Patch for stable diffusion that let you run it at large resolutions (up to 2992x2992 on 8GB VRAM)

Here's some example images generated using this

Using this with diffusers is simple:

import largeResPatch
with largeResPatch.LargeResPatch(pipe=pipe, width=width, height=height):
    res = pipe([prompt], width=width, height=height)

This does a few things:

  1. Patches diffusers.models.attention.CrossAttention.forward to process the attention in blocks (see attn_slice_x, attn_slice_y, and attn_shape parameters below).
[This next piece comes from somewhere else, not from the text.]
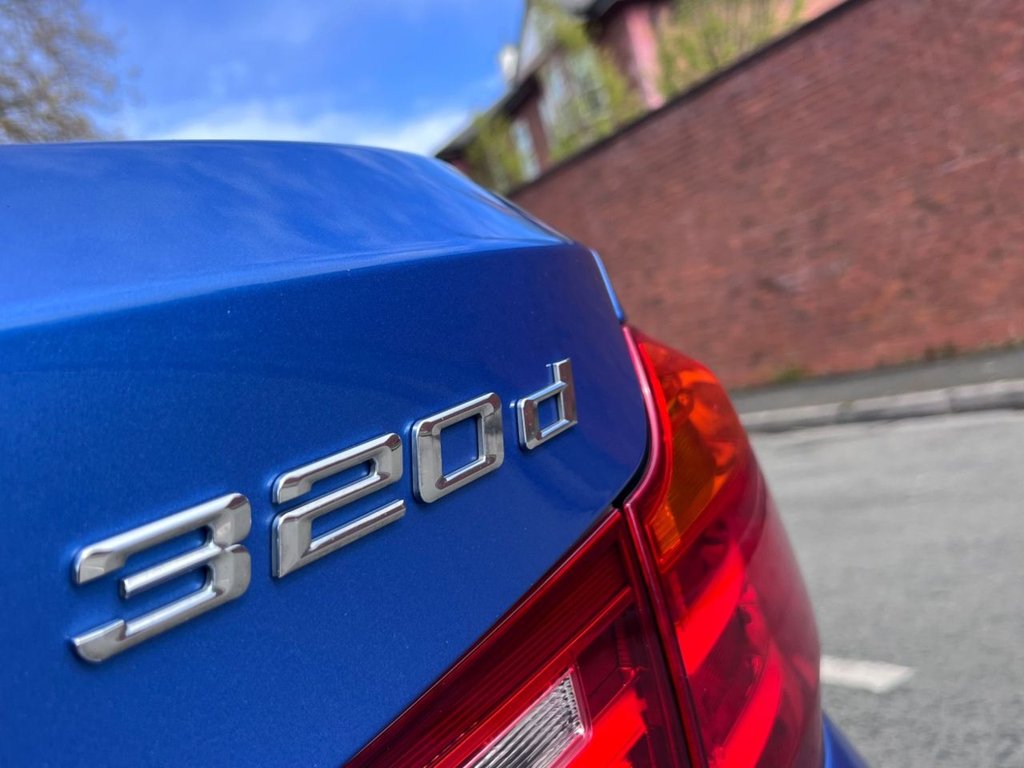 Used BMW 3 Series 2017 for sale - 78215790: Photo 12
This will give different results than the unpatched code because blocks can't see outside themselves, but it still ends up being cohesive. Note that this is only ran for the expensive attention (key dim[1] != 77)
  2. Patches diffusers.models.attention.BasicTransformerBlock.forward so the self.ff(...) call is processed in pieces. This will give identical results to the unpatched code, it's just less memory intensive at the cost of taking a little longer. ff_chunk_size specifies the chunk size.
  3. Patches diffusers.models.vae.AutoencoderKL.decode and diffusers.models.vae.AutoencoderKL.encode to process in patches. Because group norms will be different for each patch, we run two passes: the first pass just stores the output of each of the group norms for each patch. The second pass uses the average statistics over all the patches for the group norms. While this isn't equivalent, in practice it seems to work alright. vae_chunk_size_x and vae_chunk_size_y can be used to specify how large the patches are.
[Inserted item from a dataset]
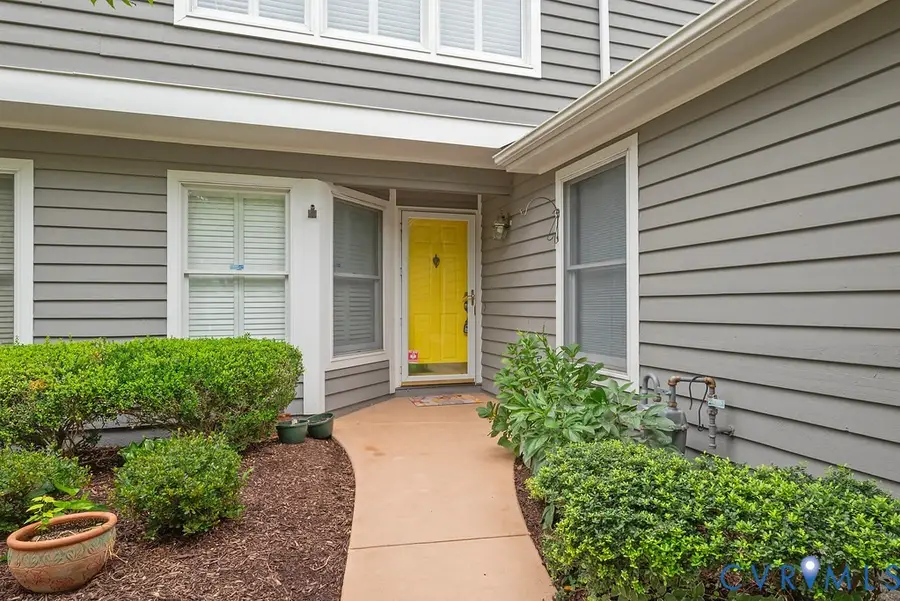 3807 Foxfield Court, Henrico, VA 23233 - #2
The attn_shape parameter can be 'brick' or 'tile'. The 'brick' mode alternates between these four tilings, with bricks of size attn_slice_x*2, attn_slice_y for horizontal and attn_slice_x, attn_slice_y*2 for vertical. I chose these tilings because it ensures that the information can eventually trickle throughout the whole image.

Brick tiling patterns

You can call largeResPatch.viewBricks(width=512, height=512, attn_slice_x=64, attn_slice_y=64, outPath='example.png') (for example) to see what the brick tilings will look like for given parameters.

The tile mode is in progress and not recommended, right now it just does the trivial thing of making attn_slice_x, attn_slice_y patches. I'm going to make it offset them every other input, which should help with some artifacts.

Note, width and height need to be divisible by 16 (TODO: fix this).